La stretta di Hormuz: tra petrolio, basi USA sotto tiro ed enigma saudita

Dopo l’attacco statunitense in Iran, il Golfo Persico – o Golfo Arabo, come lo chiamano dal lato della penisola arabica – torna il centro del mondo. Non è un’esagerazione: ciò che accade nello Stretto di Hormuz ha un impatto immediato sull’economia globale, sulla sicurezza energetica e sugli equilibri geopolitici più delicati del pianeta.

L’arma a doppio taglio di Teheran
La minaccia iraniana di bloccare lo Stretto di Hormuz è una classica mossa da guerra asimmetrica. Tra il 20 e il 30% del petrolio trasportato via mare transita da quel passaggio: bloccarlo vorrebbe dire provocare un’esplosione dei prezzi e mettere in crisi intere economie. Ma è anche una mossa pericolosa per l’Iran stesso, che danneggerebbe la propria capacità di esportare greggio, perderebbe leva diplomatica e rischierebbe una rappresaglia militare schiacciante.
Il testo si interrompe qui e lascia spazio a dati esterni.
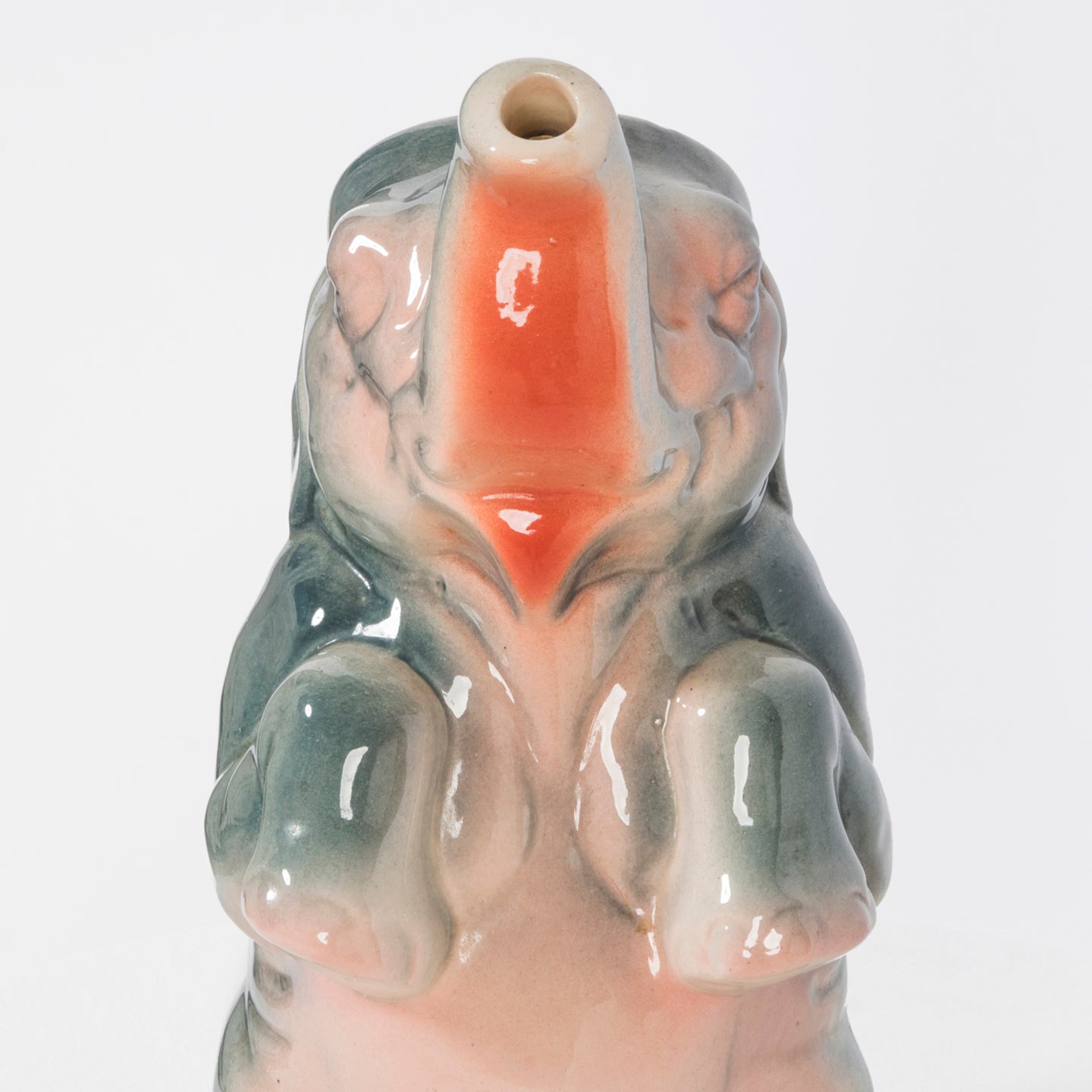 Close-up of a vintage French majolica pitcher designed as a decorative elephant.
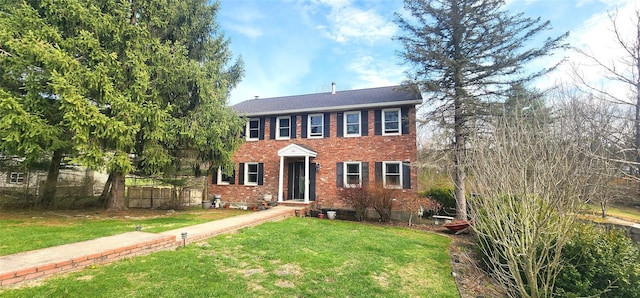 colonial home with brick siding, a front yard, and fence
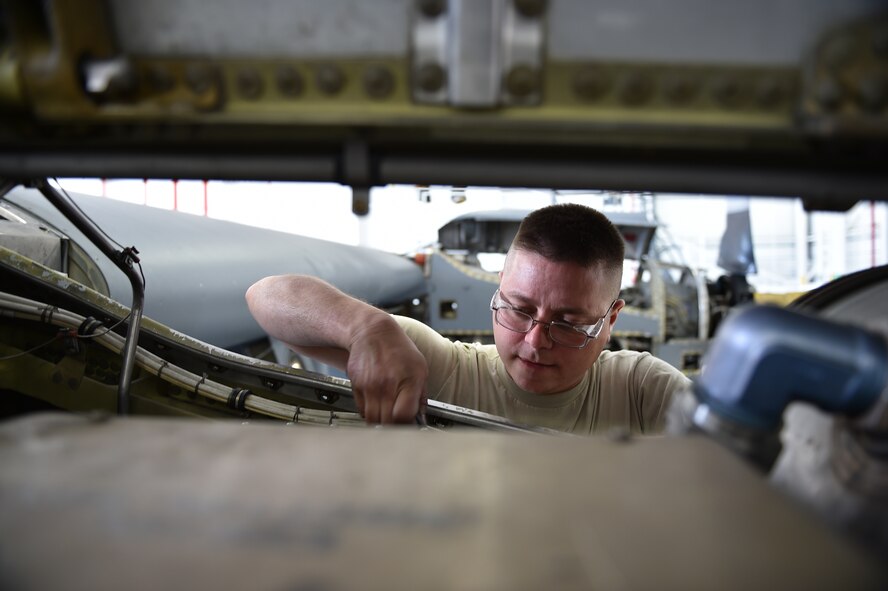 Technical Sgt. Steven Lew, an aerospace propulsion journeyman with the 910th Maintenance Squadron, works on a C-130H Hercules aircraft engine during an isochronal inspection here, Aug.25. Each Youngstown C-130 undergoes an isochronal inspection every 540 days. 910th Maintainers now perform the inspections using a new, $1.5 million dock stand system designed to increase efficiency and safety for workers. YARS is the first installation in Air Force Reserve Command to acquire the system beyond its prototype phase.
È un’arma che può essere mostrata, agitata, usata in forma intermittente, ma non facilmente impiegata fino in fondo senza conseguenze irreversibili.
Nelle ultime ore, come mostra la seconda immagine sotto, decine di petroliere stanno abbandonando l’area, segnale inequivocabile che l’industria teme una possibile chiusura dello stretto.

Le basi americane nel mirino
Il Golfo è punteggiato di basi statunitensi. Kuwait, Bahrein, Qatar, Emirati Arabi Uniti, Arabia Saudita e Oman ospitano da decenni forze americane, con presenze che vanno dalle decine di consiglieri militari alle vere e proprie installazioni strategiche. Dopo il diretto coinvolgimento dell’aviazione USA nei raid contro obiettivi in Iran, queste basi diventano target legittimi per una possibile ritorsione di Teheran o delle sue milizie proxy. Il rischio maggiore non è tanto un attacco convenzionale, quanto una campagna di azioni asimmetriche: droni, sabotaggi, incursioni cibernetiche, operazioni sotto falsa bandiera. La geografia militare del Golfo, oggi più che mai, è un punto debole dell’architettura di sicurezza americana.

Arabia Saudita, il gioco sottile dell’ambiguità
Molti analisti si sono chiesti quale sarà la risposta dell’Arabia Saudita. Dopo il primo attacco israeliano in Iran, Riyad si era affrettata a condannare pubblicamente l’azione. Alcuni avevano preso sul serio quella condanna, altri l’avevano considerata una dichiarazione di facciata, utile a preservare una certa narrazione pubblica nel mondo arabo. Ma oggi lo scenario è cambiato: non si tratta più di Israele, ma degli Stati Uniti, il partner strategico per eccellenza del Regno.
E qui bisogna essere chiari: la vera scelta dell’Arabia Saudita non è tra sostenere o condannare l’azione americana – bensì tra rendere visibile o invisibile il proprio allineamento. Nessuna monarchia del Golfo, men che meno quella saudita, può permettersi una rottura con Washington. La sicurezza interna, la difesa dello spazio aereo, la protezione dei siti petroliferi e perfino la modernizzazione tecnologica del Paese si reggono su quella partnership.
Il dilemma di Mohammed bin Salman, dunque, è un altro: quale narrativa offrire al mondo arabo e al proprio popolo, e in parallelo quale sostegno discreto assicurare all’alleato statunitense. Lo farà aprendo o chiudendo spazi aerei? Fornendo intelligence? Sostenendo in silenzio un aumento della produzione petrolifera per compensare i contraccolpi sui mercati? Ogni gesto sarà letto, interpretato, usato.
Verso la prossima mossa
Il Medio Oriente è entrato in una fase in cui la deterrenza si esercita meno con le parole e più con i movimenti delle navi e dei droni. Il traffico in uscita dallo Stretto di Hormuz, visibile nella mappa satellitare, parla da solo: l’instabilità è già nei numeri, nel prezzo del barile, nel movimento frenetico delle compagnie petrolifere che cercano porti più sicuri.
La partita non si gioca solo tra Washington e Teheran. Si gioca soprattutto tra Teheran e le capitali del Golfo, e dentro quelle capitali, tra i palazzi del potere e le opinioni pubbliche sempre più agitate. In mezzo, ci sono le basi americane, vulnerabili e strategiche. E al di là del Mediterraneo, c’è un’Europa fragile, i cui tentativi di negoziato con il regime degli ayatollah si sono già infranti.